Let us formulate a corollary from Theorem 1 on the existence of optimal solutions to problems (6) and (7).

Corollary 2

Let the conditions of Theorem 1 (or the conditions of Corollary 1) hold. Let the set U be compact. Then the set \(U^*\) of optimal solutions to problem (6) is nonempty. If there exists a point \(u\in U\) such that \(\varphi _\alpha (u) < +\infty \), then the set \(V^*\) of optimal solutions to problem (7) is nonempty.

Proof

It is proved in [14, Theorem 6] that, if the function \((u, x) \mapsto \varPhi (u, x)\) is a normal integrand, then the probability function \(u \mapsto P_\varphi (u)\) is upper semicontinuous for all \(\varphi \in \mathbb R\) and the quantile function \(u\mapsto \varphi _\alpha (u)\) is lower semicontinuous for all \(\alpha \in (0, 1]\) for any normal integrand \((u, x) \mapsto \varPhi (u, x)\). The conditions of Theorem 1 (or the conditions of Corollary 1) guarantees that the function \((u, x) \mapsto \varPhi (u, x)\) is a normal integrand. Thus, the assertion of Corollary 2 follows from the Weierstrass theorem.

4 Sample Approximations

In this section, we construct sample approximations of the probability maximization problem (6) and the quantile minimization problem (7) by using a sample \(\left( X^1, X^{2}, \ldots , X^{N}\right) \) generated by the random vector X. The sequence of random vectors \(\left( X^{N}\right) \), \(N\in \mathbb N\), is defined on a complete probability space \((\Omega , \mathcal {F'}, \mathbf {P'})\). The distribution functions of independent random variables \(X^N\) coincide with the distribution function of X.

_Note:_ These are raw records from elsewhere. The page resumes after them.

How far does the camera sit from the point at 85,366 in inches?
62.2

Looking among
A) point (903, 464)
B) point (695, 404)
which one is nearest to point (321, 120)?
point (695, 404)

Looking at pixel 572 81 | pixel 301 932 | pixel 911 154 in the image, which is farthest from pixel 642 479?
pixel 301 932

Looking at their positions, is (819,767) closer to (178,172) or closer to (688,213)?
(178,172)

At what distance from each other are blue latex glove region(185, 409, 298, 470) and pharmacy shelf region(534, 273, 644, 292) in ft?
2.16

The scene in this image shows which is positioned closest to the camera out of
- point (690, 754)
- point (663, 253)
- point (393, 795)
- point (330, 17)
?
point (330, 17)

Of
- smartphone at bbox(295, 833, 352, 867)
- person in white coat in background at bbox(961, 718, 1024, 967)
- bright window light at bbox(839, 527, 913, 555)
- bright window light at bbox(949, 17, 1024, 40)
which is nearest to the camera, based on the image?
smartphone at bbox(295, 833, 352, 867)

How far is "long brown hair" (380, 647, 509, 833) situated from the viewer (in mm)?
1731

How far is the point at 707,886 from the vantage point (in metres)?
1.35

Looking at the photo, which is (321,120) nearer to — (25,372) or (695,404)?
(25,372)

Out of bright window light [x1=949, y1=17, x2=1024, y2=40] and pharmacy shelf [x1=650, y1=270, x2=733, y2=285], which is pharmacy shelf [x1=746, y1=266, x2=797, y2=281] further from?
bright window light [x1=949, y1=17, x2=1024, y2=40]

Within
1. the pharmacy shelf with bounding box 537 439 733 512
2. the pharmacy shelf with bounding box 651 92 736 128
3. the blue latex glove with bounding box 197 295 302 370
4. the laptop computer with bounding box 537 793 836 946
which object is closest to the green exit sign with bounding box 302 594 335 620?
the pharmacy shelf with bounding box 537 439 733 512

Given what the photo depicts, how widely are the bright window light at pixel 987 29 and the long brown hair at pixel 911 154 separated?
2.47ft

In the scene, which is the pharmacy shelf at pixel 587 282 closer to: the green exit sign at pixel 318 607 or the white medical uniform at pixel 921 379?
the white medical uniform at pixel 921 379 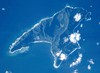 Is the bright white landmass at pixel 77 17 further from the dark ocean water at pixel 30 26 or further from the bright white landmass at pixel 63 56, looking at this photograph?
the bright white landmass at pixel 63 56

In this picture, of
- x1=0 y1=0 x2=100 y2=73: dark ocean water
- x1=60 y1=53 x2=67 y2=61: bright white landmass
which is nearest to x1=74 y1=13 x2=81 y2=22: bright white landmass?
x1=0 y1=0 x2=100 y2=73: dark ocean water

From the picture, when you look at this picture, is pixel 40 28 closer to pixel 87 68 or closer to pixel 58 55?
pixel 58 55

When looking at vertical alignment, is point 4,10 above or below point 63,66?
above

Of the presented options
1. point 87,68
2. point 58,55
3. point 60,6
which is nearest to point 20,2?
point 60,6

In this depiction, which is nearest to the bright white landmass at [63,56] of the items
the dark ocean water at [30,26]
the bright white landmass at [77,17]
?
the dark ocean water at [30,26]

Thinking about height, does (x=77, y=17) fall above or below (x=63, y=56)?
above

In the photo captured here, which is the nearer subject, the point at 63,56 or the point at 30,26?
the point at 30,26

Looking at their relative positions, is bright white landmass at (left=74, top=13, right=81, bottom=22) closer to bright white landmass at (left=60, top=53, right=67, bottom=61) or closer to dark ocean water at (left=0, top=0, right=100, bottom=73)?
dark ocean water at (left=0, top=0, right=100, bottom=73)

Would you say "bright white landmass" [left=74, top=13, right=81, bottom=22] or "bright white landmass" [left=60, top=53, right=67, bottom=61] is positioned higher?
"bright white landmass" [left=74, top=13, right=81, bottom=22] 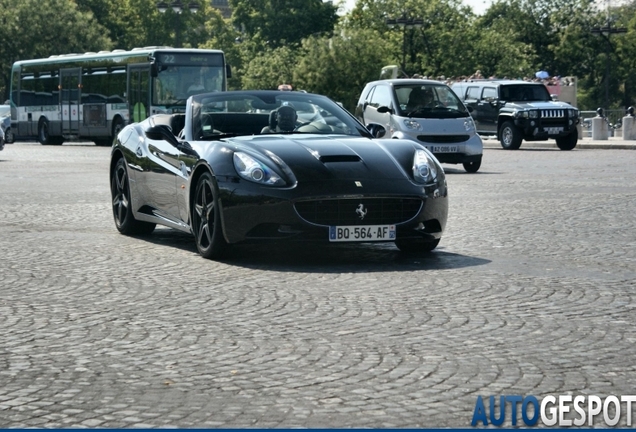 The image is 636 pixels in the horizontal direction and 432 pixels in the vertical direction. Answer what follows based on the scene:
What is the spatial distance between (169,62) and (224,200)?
29.7m

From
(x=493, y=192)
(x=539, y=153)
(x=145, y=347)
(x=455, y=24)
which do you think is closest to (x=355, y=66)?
(x=455, y=24)

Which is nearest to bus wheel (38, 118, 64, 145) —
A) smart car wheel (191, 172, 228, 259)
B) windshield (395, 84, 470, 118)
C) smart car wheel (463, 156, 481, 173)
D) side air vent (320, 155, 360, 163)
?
windshield (395, 84, 470, 118)

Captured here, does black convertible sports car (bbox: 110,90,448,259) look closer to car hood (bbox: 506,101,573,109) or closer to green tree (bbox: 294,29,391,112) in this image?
car hood (bbox: 506,101,573,109)

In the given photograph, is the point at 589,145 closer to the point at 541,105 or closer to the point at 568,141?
the point at 568,141

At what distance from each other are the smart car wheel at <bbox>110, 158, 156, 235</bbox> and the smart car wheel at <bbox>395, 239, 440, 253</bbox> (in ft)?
9.57

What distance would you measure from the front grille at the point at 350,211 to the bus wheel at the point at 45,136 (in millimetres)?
40496

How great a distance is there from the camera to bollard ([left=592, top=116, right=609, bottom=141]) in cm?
4356

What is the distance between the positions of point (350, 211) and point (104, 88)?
116ft

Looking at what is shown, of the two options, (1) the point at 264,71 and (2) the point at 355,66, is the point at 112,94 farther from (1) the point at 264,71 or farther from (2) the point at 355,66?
(1) the point at 264,71

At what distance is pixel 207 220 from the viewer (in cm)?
1092

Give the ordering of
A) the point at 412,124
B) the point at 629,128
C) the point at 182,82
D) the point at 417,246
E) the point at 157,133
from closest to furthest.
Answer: the point at 417,246, the point at 157,133, the point at 412,124, the point at 182,82, the point at 629,128

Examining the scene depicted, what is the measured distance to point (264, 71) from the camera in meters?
102

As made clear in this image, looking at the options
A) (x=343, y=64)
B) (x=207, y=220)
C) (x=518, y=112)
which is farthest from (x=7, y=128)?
(x=207, y=220)

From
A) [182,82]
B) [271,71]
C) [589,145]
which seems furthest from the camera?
[271,71]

Let us estimate the probability function (4) by the frequency of the event \(\left\{ \varPhi (u, X) \le \varphi \right\} \):

$$\begin{aligned} P_\varphi ^{(N)}(u) :=\frac{1}{N} \sum _{\nu =1}^N \chi _{[-\infty , \varphi ]} (\varPhi (u, X^{\nu })), \, N\in \mathbb N, \end{aligned}$$
(13)

where

$$\begin{aligned}\chi _S(x):={\left\{ \begin{array}{ll} 1, &{} x \in S;\\ 0, &{} x \notin S. \end{array}\right. } \end{aligned}$$

Replacing the probability function in (5) by the estimator (13), we obtain the sample estimator of the quantile function:

$$\begin{aligned} \varphi _\alpha ^{(N)}(u) := \min \left\{ \varphi \in \mathbb R^*\mid P^{(N)}_\varphi (u)\ge \alpha \right\} . \end{aligned}$$

We consider the sample approximation of the probability maximization problem in the form

$$\begin{aligned} U^{(N)} :={{\,\mathrm{Arg}\,}}\max _{u\in U} P^{(N)}_\varphi (u),\quad \alpha _N := \sup _{u\in U}P^{(N)}_\varphi (u), \end{aligned}$$
(14)

and the sample approximation of the quantile minimization problem in the form

$$\begin{aligned} V^{(N)} := {{\,\mathrm{Arg}\,}}\min _{u\in U} \varphi _\alpha ^{(N)}(u), \quad \varphi _N := \inf _{u\in U}\varphi _\alpha (u). \end{aligned}$$
(15)

When a realization \(\left( x^1, x^2, \ldots , x^N\right) \) of the sample \(\left( X^1, X^{2}, \ldots , X^{N}\right) \) is fixed, problems (14) and (15) can be considered as stochastic programming problems with discrete distribution of the random parameters. This allows us to use the technique suggested in [16, 17] for reducing the problems to deterministic mixed integer programming problems.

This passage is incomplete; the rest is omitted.